Theme 6 — Scenario and Judgment

Q6.1 — A tool reports 18% duplication on a service. Is that bad? What do you check?

Testing: Whether you treat a number as a verdict or as the start of an investigation.

A. 18% is not a verdict — it's a prompt to look. I'd check, in order: 1. What's being counted? Open the top reports. If it's generated code, test fixtures, migrations, and equals/hashCode, most of the 18% is noise — exclude it and re-measure. 2. Where is it? Duplication in frozen, never-touched code costs little; the same percentage concentrated in a high-churn file is a real synchronization hazard. Cross-reference with churn. 3. What type? Exact copy-paste of a business function is actionable; structurally-similar-but-independent code is fine to leave. 4. Trend. Is 18% rising release over release (rot) or stable/falling (under control)?

Only after that do I have an opinion. The wrong answer is "18% is over our threshold, refactor it" — that optimizes the number and risks creating wrong abstractions. The number tells you where to look, never what to do.

Q6.2 — Code review: two functions are ~80% similar. Would you merge them? How do you decide?

Testing: The wrong-abstraction judgment applied live.

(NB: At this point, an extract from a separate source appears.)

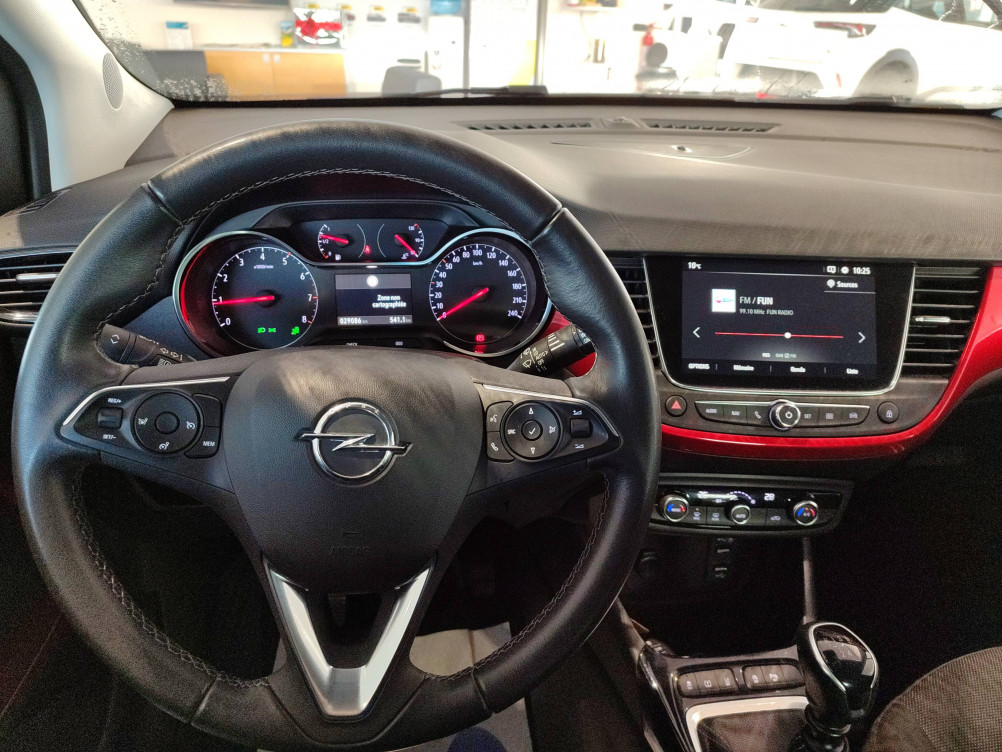 Acheter Opel Crossland Crossland 1.5 D 110 ch BVM6 GS 5p occasion dans les concessions du Groupe Faurie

A. Eighty-percent-similar is a warning, not a mandate — the 20% difference is the whole question. I'd ask whether the two functions encode the same decision that must change together, or two decisions that happen to overlap today. Concretely: if I change this function, must the other change identically? If yes — same knowledge — merging removes a real hazard, and I'd extract. If the differences reflect genuinely different cases (different validation rules, different domains), merging means a shared function with a mode flag and divergent branches — the wrong-abstraction trap — and I'd leave them duplicated and say so in the review. I'd also weigh whether they're in the same module/context (merge is cheaper within one) and how likely a third case is (rule of three). The reviewer who blindly says "DRY violation, merge it" is the one to worry about.

Q6.3 — A manager mandates "0% duplication." What's wrong with that, and how do you respond?

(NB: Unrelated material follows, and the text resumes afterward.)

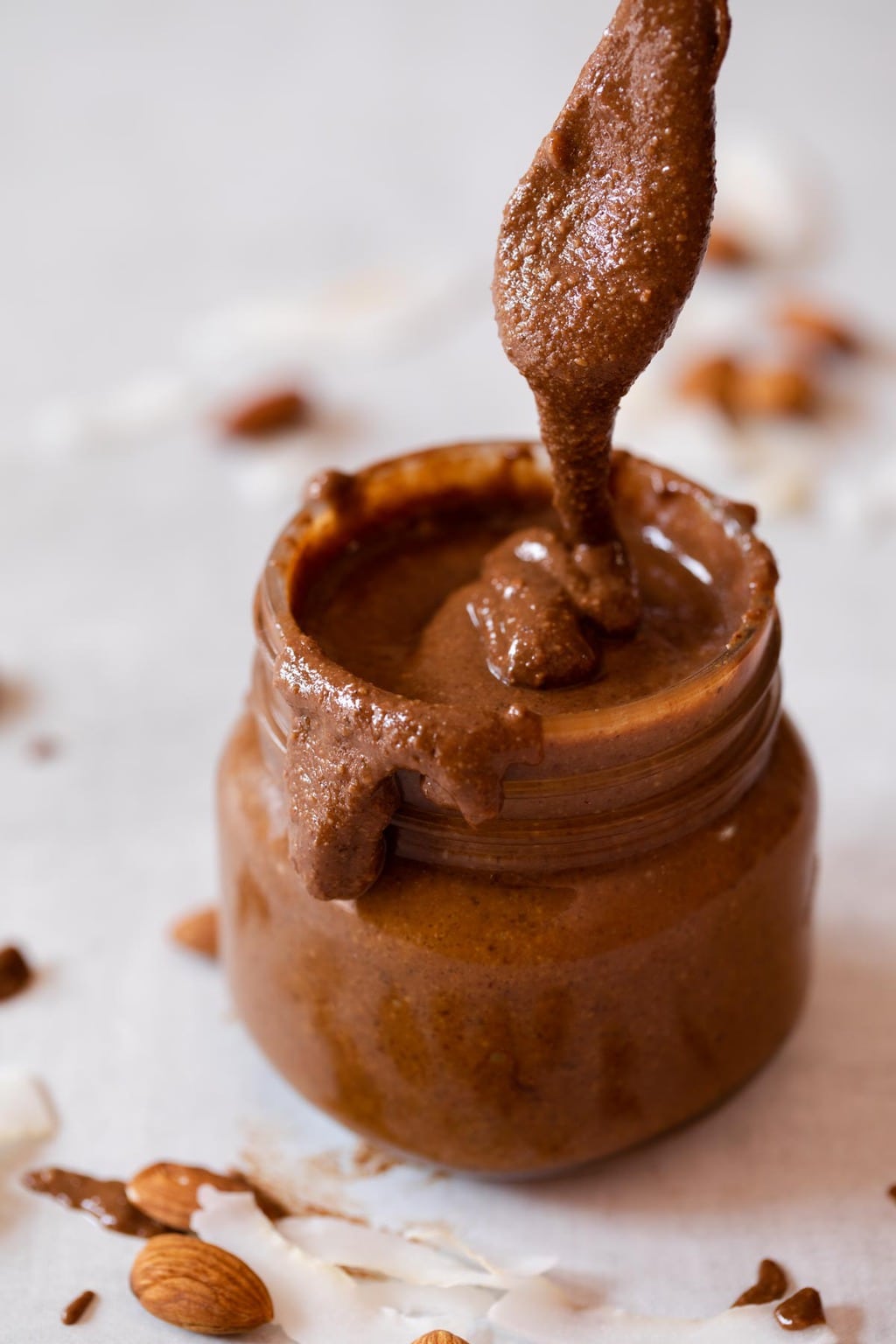 無糖巧克力椰子杏仁醬 chocolate coconut almond butter-2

Testing: Whether you can push back on a metric target with a principled argument.

A. A 0% mandate is a Goodhart trap: the moment duplication % becomes the target, people will hit it by hoisting every coincidental similarity into shared utilities, manufacturing coupling and wrong abstractions that are far more expensive than the duplication they removed — exactly Sandi Metz's "the wrong abstraction." It also pretends the metric is precise when it (a) over-counts boilerplate you should keep and (b) is blind to the semantic duplication that actually causes incidents — so 0% textual duplication can coexist with serious duplicated business logic. My response: reframe the goal from eliminating duplication to managing synchronization risk. Replace the absolute target with a diff-based gate ("don't add new large clones"), exclusions for boilerplate, and a focus on duplication × churn. The honest one-liner: a 0% mandate optimizes a proxy and will make the real code worse.

Q6.4 — Six months ago you DRY'd two payment paths into one helper. Now every change needs a flag. What do you do?

Testing: Recognizing and backing out a wrong abstraction — the hard, senior move.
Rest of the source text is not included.